Blog Archives

  • Missouri Court of Appeals Reverses Administrative Decision Requiring Special Use Conditions

    The case revolved around a request by MLB Holdings, a lessee of Curry Investment Company, for a special use permit to operate a pawn shop on a building and parking lot leased by Curry Investment to MLB. At a hearing on the request, the Kansas City Board of Zoning Adjustment staff determined that all requisite criteria for a special use permit were met with the MLB application. However, there were two existing outdoor advertising signs, which were nonconforming uses, located on the property in question. As a result, based on a general policy of removal of existing outdoor billboards as part of property development, the Board of Zoning Adjustment approved the special use permit, subject to removal of the two outdoor advertising signs. Curry Investment objected, and ultimately filed a petition with the circuit court, which found that the Board of Zoning Adjustment had exceeded its authority, and proceeded to modify the Board decision by striking the conditions requiring removal of the advertising signs. That decision was appealed.

    The Court of Appeals rejected the Board of Zoning Adjustment’s position and required the issuance of the special use permit to MLB without the condition for removal of the outdoor advertising signs. In doing so, the Court recognized these principles:

    • The Board of Zoning Adjustment’s ruling, rather than that of the circuit court, was reviewable. The scope of review was limited to determination as to whether the Board’s judgment was arbitrary, capricious, unreasonable, unlawful or in excess of its jurisdiction, with the evidence and reasonable inferences viewed in the light most favorable to the decision.


    • Under the nonconforming use doctrine, zoning restrictions adopted by a municipality may not be applied so as to require removal or cessation of an established use of land – a use which does not conform with a use authorized by the zoning restriction.


    • The issuing of a permit is a ministerial act, not a discretionary act, which may not be refused if the requirements of the applicable ordinance have been met.


    • Once the Board of Zoning Adjustment determined that all the criteria for the special use permit were met, the Board was unreasonable to require the removal of the nonconforming signs as a special use permit condition, since the Board proved no relation to sign removal with the special use criteria set out in the zoning code.

    The Court of Appeals accordingly concluded that the Board of Zoning Adjustment erred by conditioning its approval of the special use permit for the pawn shop on the removal of the two nonconforming, lawfully existing, outdoor advertising signs.

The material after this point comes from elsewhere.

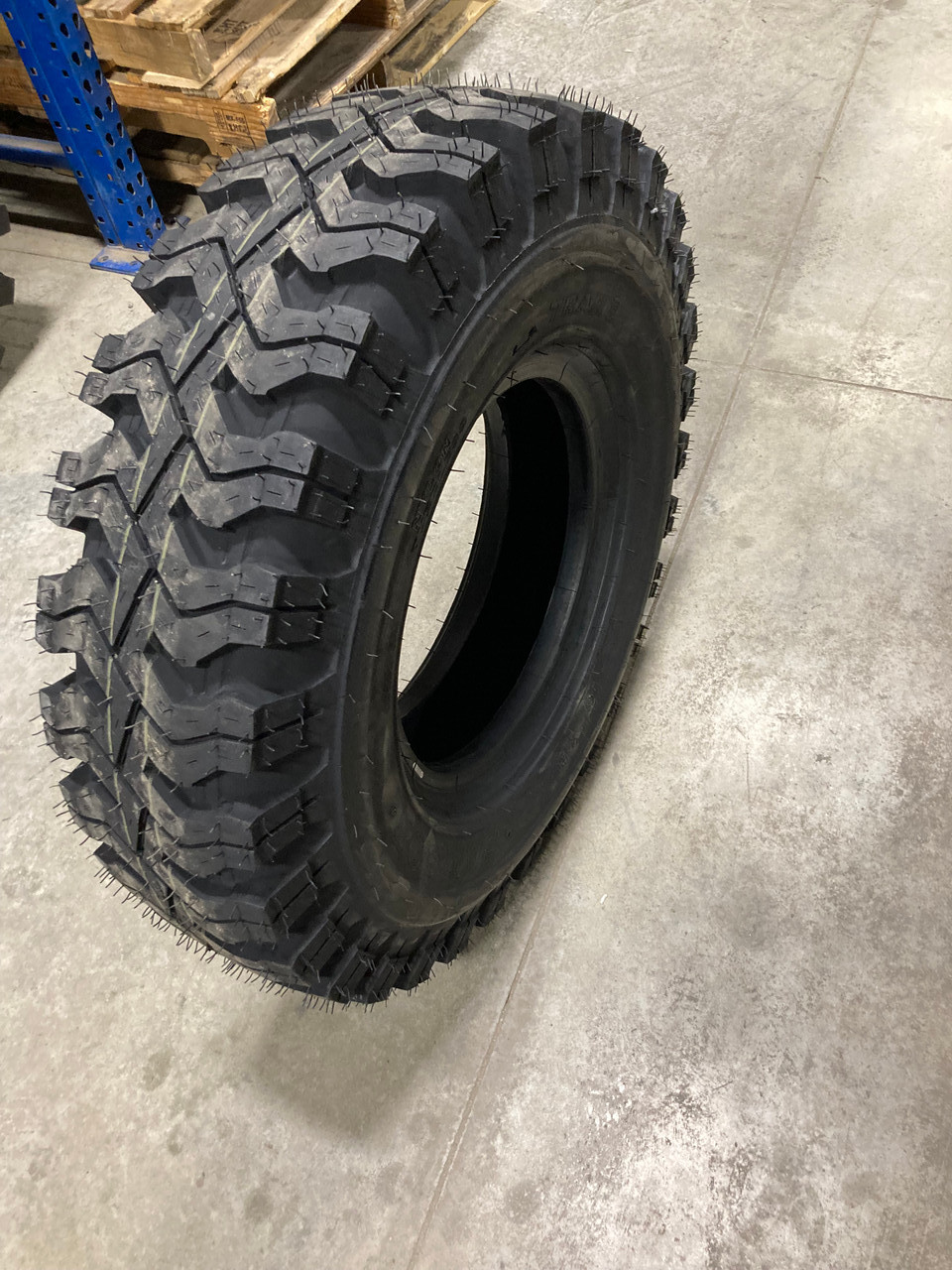 New Tire 9.00 16 Samson Traker Plus 12 ply Tubeless Mud Snow M+S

The principles which the Court of Appeals relied upon may need to be considered in situations involving zoning requirements, permit applications and related conforming and nonconforming uses of property.

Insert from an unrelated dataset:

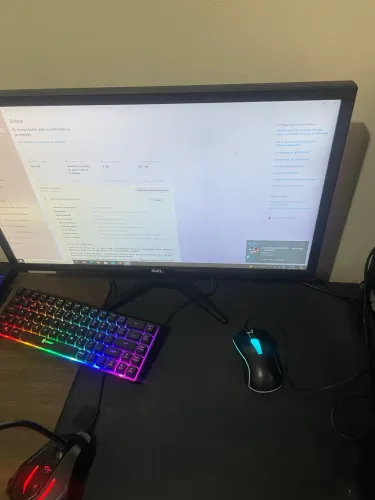 Vendo computador, ótimo estado 1 ano de uso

  • Missouri Appellate Court Allows Imputed Liability Claims Against Employer Even After Admitting Agency When Punitive Damages Are At Issue

    In 1995, the Missouri Supreme Court adopted the majority view “that once an employer has admitted respondeat superior liability for a driver’s negligence, it is improper to allow a plaintiff to proceed against the employer on any other theory of imputed liability.” McHaffie v. Bunch, 891 S.W.2d 822, 826 (Mo. banc 1995). The Missouri Supreme Court qualified its holding, however, noting that:

    it may be possible that an employer or entrustor may be held liable on a theory of negligence that does not derive from and is not dependent on the negligence of an entrustee or employee…. [I]t is also possible that an employer or an entrustor may be liable for punitive damages [that] would not be assessed against the employee/entrustee. See Clooney v. Geeting, 352 So.2d [1216,] 1220 [ (Fla.Dist.Ct.App.1977) ]. Finally, it is conceivable that in a contribution action between an employer and employee, the relative fault of those two parties may be relevant. However, none of those circumstances exist here. Those issues await another day.

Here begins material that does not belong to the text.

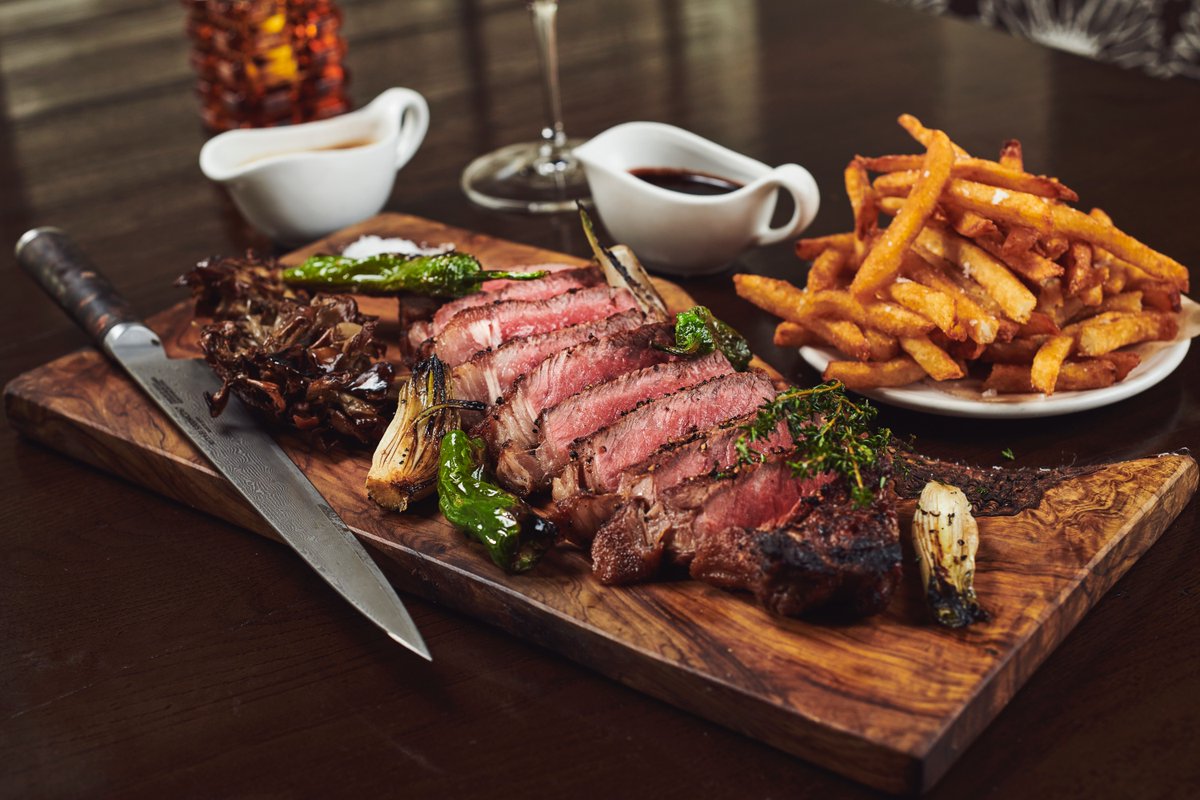 June is the month to spoil Dad! From prime steaks at #LTSteak &amp; <a href="/eatSTK/">STK Steakhouse</a> to elevated omakase at #Uchiko and sushi gems like #MaiSushi &amp; #DoubleKnot, find the perfect #FathersDay dining spot. #MiamiEats #SteakLovers #Sushi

    Id. Recently, in Wilson v. Image Flooring, LLC, Nos. WD75141, WD 75142, 2013 WL 1110878, 2 (Mo. App. W.D. Mar 19, 2013), the Missouri Appellate Court for the Western District took up the issue of whether a “punitive damages exception” to the general rule barring direct negligence claims against an employer who had already admitted vicarious liability. While many federal courts in Missouri have addressed the question of whether there exists a punitive damages exception to the general rule under Missouri law, no Missouri court had yet addressed this issue. See Kwiatkowski v. Teton Transp., Inc., No. 11–1302–CV–W–ODS, 2012 WL 1413154, at 3–4 (W.D.Mo. Apr. 23, 2012). The Wilson court found that “if faced with the issue now, [the Missouri] Supreme Court would determine that such an exception exists.” Wilson,  2013 WL 1110878, 2. The Wilson Court explained:

    The rationale for the [the Missouri Supreme] Court’s holding in McHaffie was that, where vicarious liability was admitted and none of the direct liability theories could prevail in the absence of proof of the employee’s negligence, the employer’s liability was necessarily fixed by the negligence of the employee. McHaffie, 891 S.W.2d at 826. Thus, any additional evidence supporting direct liability claims could serve only to waste time and possibly prejudice the defendants. Id.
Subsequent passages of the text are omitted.